Forecasting further out for the next couple of decades, by the early 2040s, between 70% and 90% of Raise Regulation and Lower Contingency – the latter accounting for three markets where assets must respond in a range between 6 seconds and 5 minutes to prevent a major rise in frequency following a contingency event – will be provided by BESS.
The trend is likely to be similar in the other markets as well, but Cornwall Insight’s expectation was that it would be most pronounced in those two ancillary services categories.
Pledges and policy put market in line for at least 4,300MW of new BESS by 2030
The development of the overall market for battery storage in Australia is already accelerating, and over the next few years to 2030, state policy strategies such as the New South Wales Electricity Infrastructure Roadmap will lead to the addition of about 4,300MW of new grid storage, the consultancy group said.
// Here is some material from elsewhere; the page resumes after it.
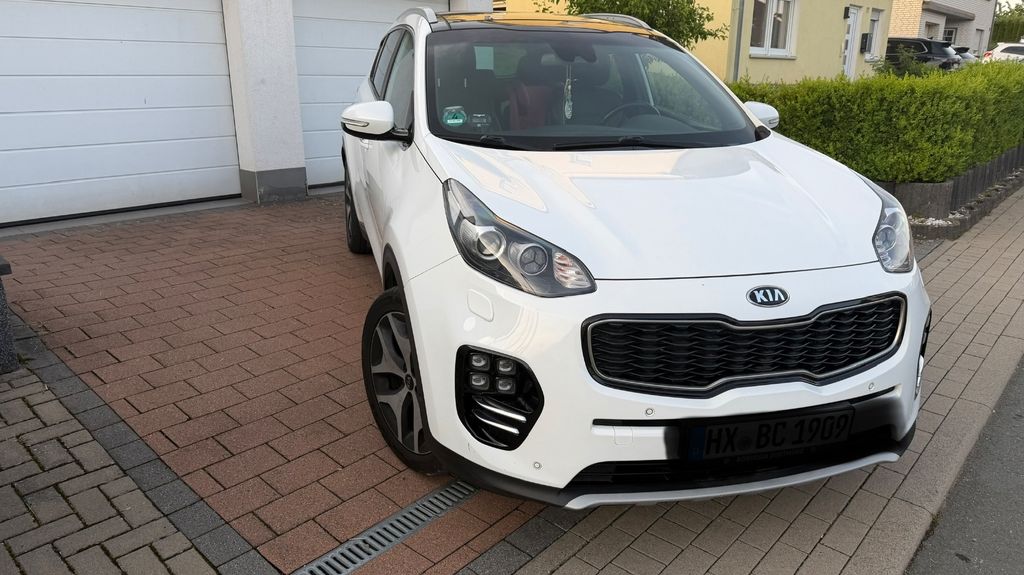 Kia Sportage 112.500 km 15.300 &euro; Warburg 34414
This will in turn aid the continued lowering of prices and ultimately costs to the system and bill payers. If more ambitious policies are adopted – two examples being the state of Victoria’s proposed 6.3GW by 2035 energy storage deployment target and the government of Queensland’s Energy Storage Strategy being prepared for publication – there could be even greater changes in market dynamics.
Some, such as the national Clean Energy Council industry body and Victorian Energy Policy Centre at Victoria University have proposed the adoption of a nationwide energy storage target, along the lines of Renewable Energy Targets that have proven successful.
In an article published in our quarterly journal PV Tech Power earlier this year, Cornwall Insight Australia managing consultant Ben Cerini noted that not only are batteries good for the FCAS market, but the FCAS market is good for batteries too.
About 80% to 90% of grid-scale battery asset revenues in Australia typically come from FCAS, Cerini said, with only the remainder from energy trading.
Today, other technologies playing in the FCAS market along with batteries, black coal and hydro albeit to a much lesser extent are combined cycle gas turbines (CCGT), brown coal, demand side response, open cycle gas turbines (OCGT) and liquid fuel.
Batteries will continue eroding coal’s market position, but that competitive dynamic all but disappears as the 21st Century progresses, with coal power plants earmarked for retirement with hardly any expected to be in operation by the 2030s.